STORED DATA:

↓

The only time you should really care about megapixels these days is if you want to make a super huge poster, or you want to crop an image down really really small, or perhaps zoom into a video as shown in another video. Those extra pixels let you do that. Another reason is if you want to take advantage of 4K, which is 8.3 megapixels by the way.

↑
↓

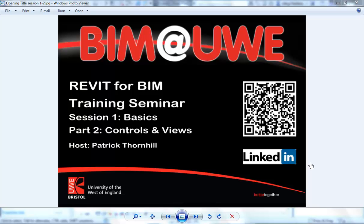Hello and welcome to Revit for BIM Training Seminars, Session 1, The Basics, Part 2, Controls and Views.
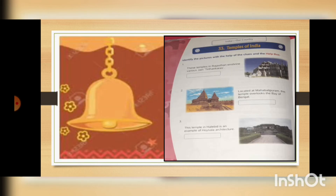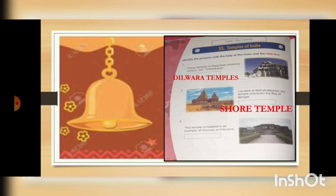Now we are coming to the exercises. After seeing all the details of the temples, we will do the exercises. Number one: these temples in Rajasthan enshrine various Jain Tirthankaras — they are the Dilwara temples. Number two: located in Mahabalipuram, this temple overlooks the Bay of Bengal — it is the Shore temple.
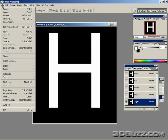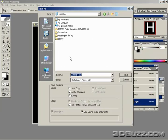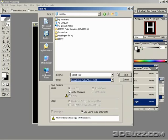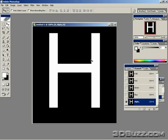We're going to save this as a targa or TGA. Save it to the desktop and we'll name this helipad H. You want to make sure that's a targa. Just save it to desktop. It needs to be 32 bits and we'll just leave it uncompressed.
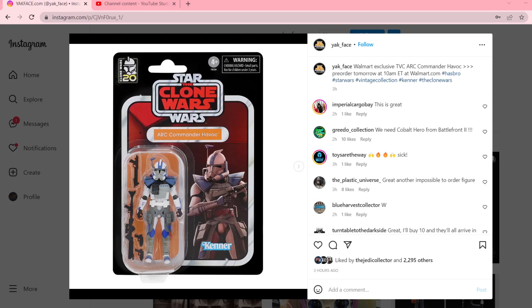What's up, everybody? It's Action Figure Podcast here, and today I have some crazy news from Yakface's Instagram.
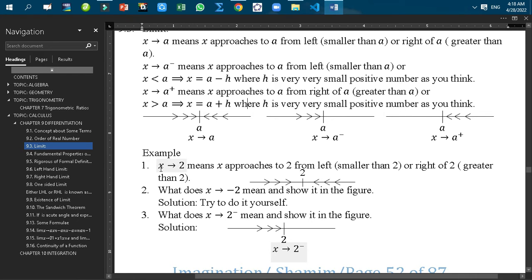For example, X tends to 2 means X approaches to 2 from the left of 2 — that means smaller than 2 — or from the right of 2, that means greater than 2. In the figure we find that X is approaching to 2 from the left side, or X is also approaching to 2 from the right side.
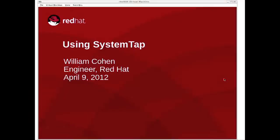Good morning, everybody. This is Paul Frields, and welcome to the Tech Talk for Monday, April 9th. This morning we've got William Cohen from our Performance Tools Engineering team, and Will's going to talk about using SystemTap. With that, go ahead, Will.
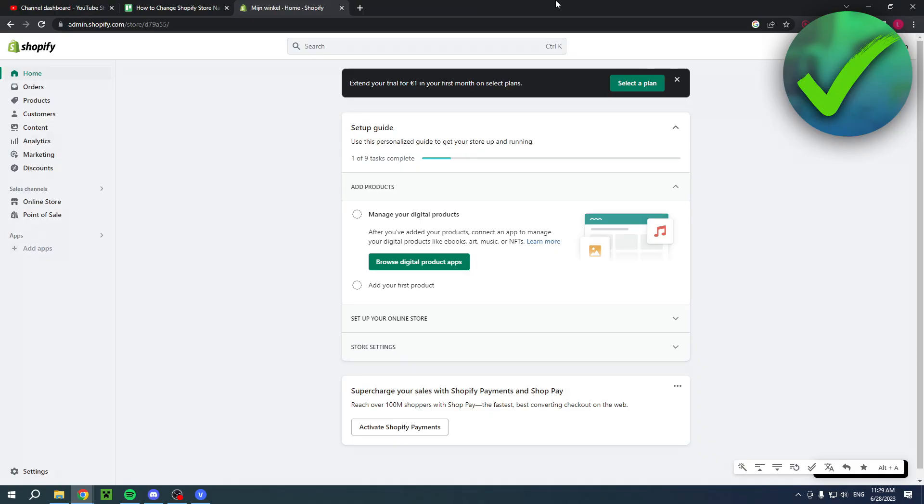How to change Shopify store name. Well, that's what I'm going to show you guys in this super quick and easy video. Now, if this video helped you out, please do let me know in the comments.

↑
↓

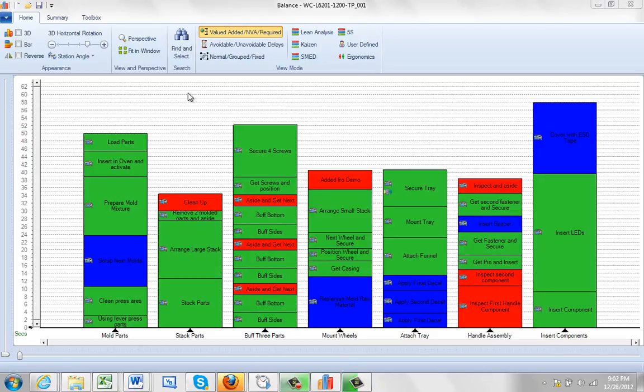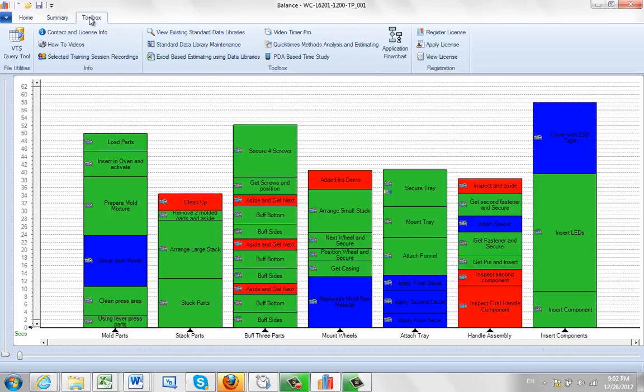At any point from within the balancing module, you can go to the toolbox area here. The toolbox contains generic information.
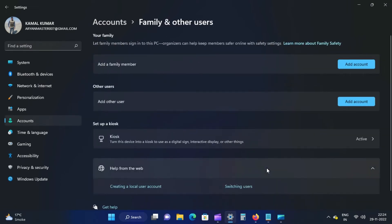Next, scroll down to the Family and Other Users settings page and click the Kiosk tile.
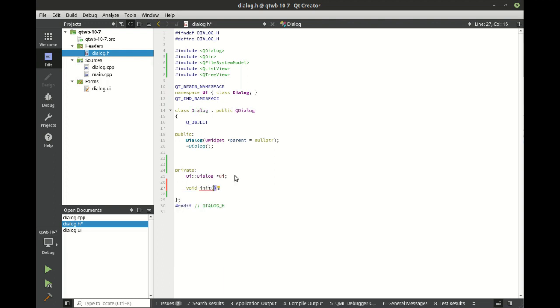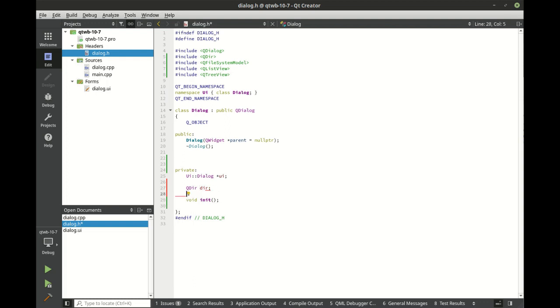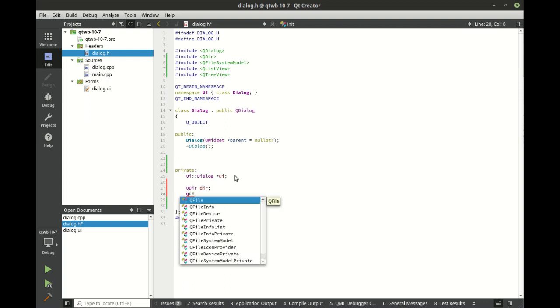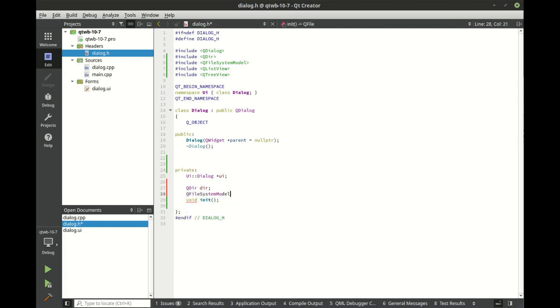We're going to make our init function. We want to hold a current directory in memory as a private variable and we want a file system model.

↑

TASK DIRECTIONS:
Each line above that falls between the line with "We're going to save" and the line with "What's up, everybody?" should be printed exactly, together with those two lines, but the pictures should not.

SOLUTION TO THIS PROBLEM:
We're going to save this as a targa or TGA. Save it to the desktop and we'll name this helipad H. You want to make sure that's a targa. Just save it to desktop. It needs to be 32 bits and we'll just leave it uncompressed.
What's up, everybody? It's Action Figure Podcast here, and today I have some crazy news from Yakface's Instagram.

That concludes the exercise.